■ **Data for the task**:

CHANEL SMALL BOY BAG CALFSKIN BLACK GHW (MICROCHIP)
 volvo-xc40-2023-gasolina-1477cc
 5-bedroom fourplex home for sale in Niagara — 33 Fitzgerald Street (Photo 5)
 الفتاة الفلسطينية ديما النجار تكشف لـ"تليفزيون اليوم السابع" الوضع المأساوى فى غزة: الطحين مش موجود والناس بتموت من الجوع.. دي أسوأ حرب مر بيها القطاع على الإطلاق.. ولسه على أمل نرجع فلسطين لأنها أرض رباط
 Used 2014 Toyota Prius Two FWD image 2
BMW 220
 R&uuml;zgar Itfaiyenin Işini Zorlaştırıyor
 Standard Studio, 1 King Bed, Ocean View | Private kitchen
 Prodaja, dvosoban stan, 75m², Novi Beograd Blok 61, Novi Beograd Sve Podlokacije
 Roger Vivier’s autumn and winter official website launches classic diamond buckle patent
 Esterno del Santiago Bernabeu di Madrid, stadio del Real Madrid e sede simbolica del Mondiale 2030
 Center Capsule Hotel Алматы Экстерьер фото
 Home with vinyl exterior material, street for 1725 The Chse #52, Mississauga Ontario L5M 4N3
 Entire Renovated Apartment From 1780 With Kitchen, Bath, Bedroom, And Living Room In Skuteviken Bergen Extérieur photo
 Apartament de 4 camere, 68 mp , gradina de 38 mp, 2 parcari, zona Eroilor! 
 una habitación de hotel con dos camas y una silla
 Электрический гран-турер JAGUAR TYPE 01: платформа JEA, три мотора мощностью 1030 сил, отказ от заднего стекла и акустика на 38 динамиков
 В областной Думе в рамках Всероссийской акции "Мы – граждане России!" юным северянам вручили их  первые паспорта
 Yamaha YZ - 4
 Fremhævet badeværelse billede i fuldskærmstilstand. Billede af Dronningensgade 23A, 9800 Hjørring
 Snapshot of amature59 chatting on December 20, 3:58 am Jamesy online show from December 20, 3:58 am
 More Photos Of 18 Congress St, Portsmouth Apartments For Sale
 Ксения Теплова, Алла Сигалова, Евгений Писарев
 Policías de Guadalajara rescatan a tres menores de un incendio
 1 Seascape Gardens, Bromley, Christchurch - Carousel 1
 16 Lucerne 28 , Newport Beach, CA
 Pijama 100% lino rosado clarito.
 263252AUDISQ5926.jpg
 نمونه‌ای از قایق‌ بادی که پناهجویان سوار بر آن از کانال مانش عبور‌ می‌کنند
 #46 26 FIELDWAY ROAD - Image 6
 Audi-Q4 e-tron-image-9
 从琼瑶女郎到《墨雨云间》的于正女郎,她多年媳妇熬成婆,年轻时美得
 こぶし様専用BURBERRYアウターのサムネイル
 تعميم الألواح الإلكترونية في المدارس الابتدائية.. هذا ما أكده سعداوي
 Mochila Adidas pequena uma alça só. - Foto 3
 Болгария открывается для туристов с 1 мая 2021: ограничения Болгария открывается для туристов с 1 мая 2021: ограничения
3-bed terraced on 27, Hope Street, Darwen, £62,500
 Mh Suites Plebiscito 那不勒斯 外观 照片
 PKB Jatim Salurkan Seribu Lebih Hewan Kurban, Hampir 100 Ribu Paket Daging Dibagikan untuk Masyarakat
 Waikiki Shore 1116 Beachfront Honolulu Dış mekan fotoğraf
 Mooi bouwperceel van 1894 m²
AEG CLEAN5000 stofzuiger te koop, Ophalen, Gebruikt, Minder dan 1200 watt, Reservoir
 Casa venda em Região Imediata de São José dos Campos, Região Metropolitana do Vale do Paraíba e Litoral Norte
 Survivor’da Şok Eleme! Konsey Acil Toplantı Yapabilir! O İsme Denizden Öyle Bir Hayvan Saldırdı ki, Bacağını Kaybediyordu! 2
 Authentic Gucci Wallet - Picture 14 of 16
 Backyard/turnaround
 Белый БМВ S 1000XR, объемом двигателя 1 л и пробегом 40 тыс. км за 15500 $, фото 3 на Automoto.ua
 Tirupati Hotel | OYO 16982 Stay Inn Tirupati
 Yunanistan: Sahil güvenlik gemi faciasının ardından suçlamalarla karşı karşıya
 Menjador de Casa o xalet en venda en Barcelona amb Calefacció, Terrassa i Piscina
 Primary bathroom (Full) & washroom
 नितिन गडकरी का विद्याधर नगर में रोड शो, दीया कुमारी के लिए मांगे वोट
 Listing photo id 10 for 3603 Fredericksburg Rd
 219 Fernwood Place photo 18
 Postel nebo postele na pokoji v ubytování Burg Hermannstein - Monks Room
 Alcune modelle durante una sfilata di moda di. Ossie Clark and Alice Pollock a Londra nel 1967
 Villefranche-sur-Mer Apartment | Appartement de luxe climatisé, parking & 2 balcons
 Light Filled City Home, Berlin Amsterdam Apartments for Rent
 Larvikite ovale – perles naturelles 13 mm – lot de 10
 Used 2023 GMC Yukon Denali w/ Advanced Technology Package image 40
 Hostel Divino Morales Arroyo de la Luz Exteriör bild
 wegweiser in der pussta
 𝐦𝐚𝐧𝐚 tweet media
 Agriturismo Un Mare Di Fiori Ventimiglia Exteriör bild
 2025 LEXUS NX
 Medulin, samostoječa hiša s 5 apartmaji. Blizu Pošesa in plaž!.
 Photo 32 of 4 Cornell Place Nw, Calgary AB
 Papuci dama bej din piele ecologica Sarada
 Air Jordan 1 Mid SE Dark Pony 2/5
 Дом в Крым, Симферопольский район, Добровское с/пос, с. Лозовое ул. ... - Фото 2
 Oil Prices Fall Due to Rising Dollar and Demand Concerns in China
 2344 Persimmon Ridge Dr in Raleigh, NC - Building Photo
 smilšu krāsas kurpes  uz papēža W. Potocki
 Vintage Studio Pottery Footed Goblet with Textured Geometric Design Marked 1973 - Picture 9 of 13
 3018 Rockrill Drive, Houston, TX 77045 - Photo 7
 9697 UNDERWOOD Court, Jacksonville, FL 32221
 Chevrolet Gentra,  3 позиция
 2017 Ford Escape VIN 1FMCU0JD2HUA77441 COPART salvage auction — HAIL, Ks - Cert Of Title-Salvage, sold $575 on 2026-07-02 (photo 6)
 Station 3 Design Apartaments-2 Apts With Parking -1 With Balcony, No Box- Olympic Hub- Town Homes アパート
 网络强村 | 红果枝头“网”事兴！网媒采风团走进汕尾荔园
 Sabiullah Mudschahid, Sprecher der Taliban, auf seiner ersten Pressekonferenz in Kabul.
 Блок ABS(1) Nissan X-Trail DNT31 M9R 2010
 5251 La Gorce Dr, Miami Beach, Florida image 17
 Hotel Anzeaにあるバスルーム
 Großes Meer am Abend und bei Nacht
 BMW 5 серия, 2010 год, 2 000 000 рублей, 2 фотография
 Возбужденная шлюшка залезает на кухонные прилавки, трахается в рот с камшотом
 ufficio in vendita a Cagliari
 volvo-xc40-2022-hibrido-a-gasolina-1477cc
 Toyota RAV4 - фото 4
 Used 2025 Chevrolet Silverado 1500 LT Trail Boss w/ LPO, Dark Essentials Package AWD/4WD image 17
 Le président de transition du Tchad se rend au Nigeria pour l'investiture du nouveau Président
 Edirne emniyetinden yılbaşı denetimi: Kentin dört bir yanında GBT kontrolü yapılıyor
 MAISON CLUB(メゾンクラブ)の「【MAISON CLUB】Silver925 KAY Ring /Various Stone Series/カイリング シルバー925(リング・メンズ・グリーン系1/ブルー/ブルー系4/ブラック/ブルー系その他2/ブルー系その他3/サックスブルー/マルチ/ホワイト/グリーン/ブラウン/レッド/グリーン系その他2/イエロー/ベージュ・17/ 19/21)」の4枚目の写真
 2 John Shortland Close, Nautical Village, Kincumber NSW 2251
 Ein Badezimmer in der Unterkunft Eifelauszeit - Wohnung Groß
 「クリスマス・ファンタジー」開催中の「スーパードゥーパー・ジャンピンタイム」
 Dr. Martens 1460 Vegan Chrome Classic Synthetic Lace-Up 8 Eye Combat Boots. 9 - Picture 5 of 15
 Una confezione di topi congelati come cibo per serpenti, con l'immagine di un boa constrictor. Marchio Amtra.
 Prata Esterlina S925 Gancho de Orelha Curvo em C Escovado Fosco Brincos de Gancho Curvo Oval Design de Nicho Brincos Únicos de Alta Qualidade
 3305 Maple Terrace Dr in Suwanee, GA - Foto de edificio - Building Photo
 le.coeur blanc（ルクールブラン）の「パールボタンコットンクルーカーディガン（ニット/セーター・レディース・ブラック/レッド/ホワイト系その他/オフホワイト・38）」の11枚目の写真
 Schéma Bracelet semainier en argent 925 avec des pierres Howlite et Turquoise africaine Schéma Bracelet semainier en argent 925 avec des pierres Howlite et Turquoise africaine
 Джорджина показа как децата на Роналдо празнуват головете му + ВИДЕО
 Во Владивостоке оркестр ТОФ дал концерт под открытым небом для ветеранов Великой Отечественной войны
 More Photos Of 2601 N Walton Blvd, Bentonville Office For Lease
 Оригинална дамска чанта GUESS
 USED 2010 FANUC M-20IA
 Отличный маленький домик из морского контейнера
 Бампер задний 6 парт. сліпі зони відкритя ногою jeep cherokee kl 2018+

■ **Task prompt**: Would you print exactly the lines from the first line of the entries above through the line that has "5-bedroom fourplex home", both included, and stop there?

■ **Reply**:
CHANEL SMALL BOY BAG CALFSKIN BLACK GHW (MICROCHIP)
 volvo-xc40-2023-gasolina-1477cc
 5-bedroom fourplex home for sale in Niagara — 33 Fitzgerald Street (Photo 5)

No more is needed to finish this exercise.